WHAT YOU ARE ASKED TO DO
Pictures excluded, reproduce exactly the lines below from the one with "In this episode, we" through the one with "I've tried skipping", both included.

SOURCE MATERIAL
----
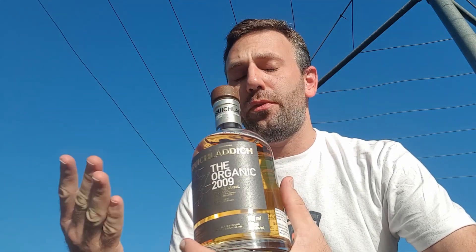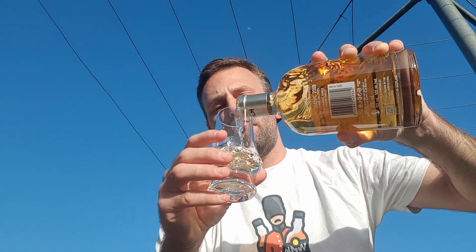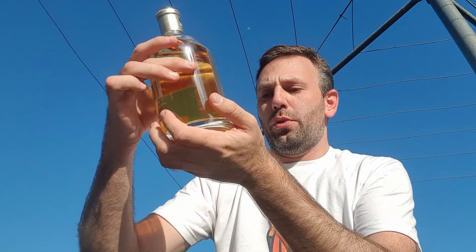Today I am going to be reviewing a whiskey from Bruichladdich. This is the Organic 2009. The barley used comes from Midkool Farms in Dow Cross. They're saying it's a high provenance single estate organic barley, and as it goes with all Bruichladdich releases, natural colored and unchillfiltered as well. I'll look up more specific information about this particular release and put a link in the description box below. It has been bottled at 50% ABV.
----
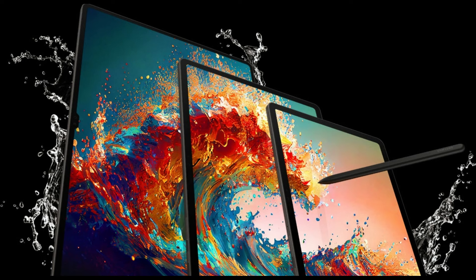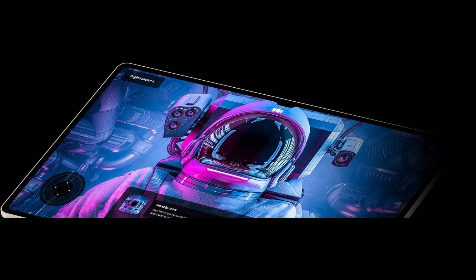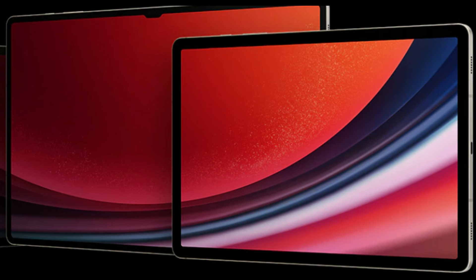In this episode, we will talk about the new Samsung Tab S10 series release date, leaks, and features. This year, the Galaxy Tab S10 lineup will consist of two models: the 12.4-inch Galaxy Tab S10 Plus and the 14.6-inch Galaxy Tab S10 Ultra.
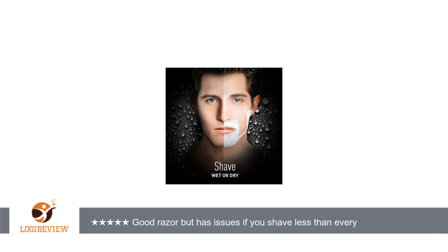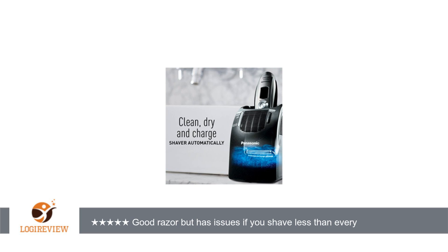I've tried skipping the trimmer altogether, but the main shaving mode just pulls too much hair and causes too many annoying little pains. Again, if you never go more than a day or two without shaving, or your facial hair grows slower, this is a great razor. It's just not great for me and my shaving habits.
----
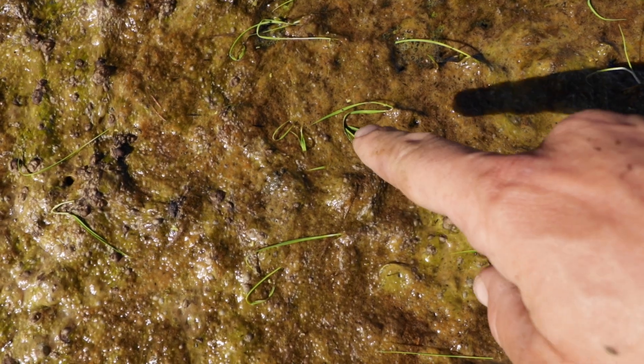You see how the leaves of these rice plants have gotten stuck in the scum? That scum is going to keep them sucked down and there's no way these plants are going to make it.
----
TASK RESULT
In this episode, we will talk about the new Samsung Tab S10 series release date, leaks, and features. This year, the Galaxy Tab S10 lineup will consist of two models: the 12.4-inch Galaxy Tab S10 Plus and the 14.6-inch Galaxy Tab S10 Ultra.
I've tried skipping the trimmer altogether, but the main shaving mode just pulls too much hair and causes too many annoying little pains. Again, if you never go more than a day or two without shaving, or your facial hair grows slower, this is a great razor. It's just not great for me and my shaving habits.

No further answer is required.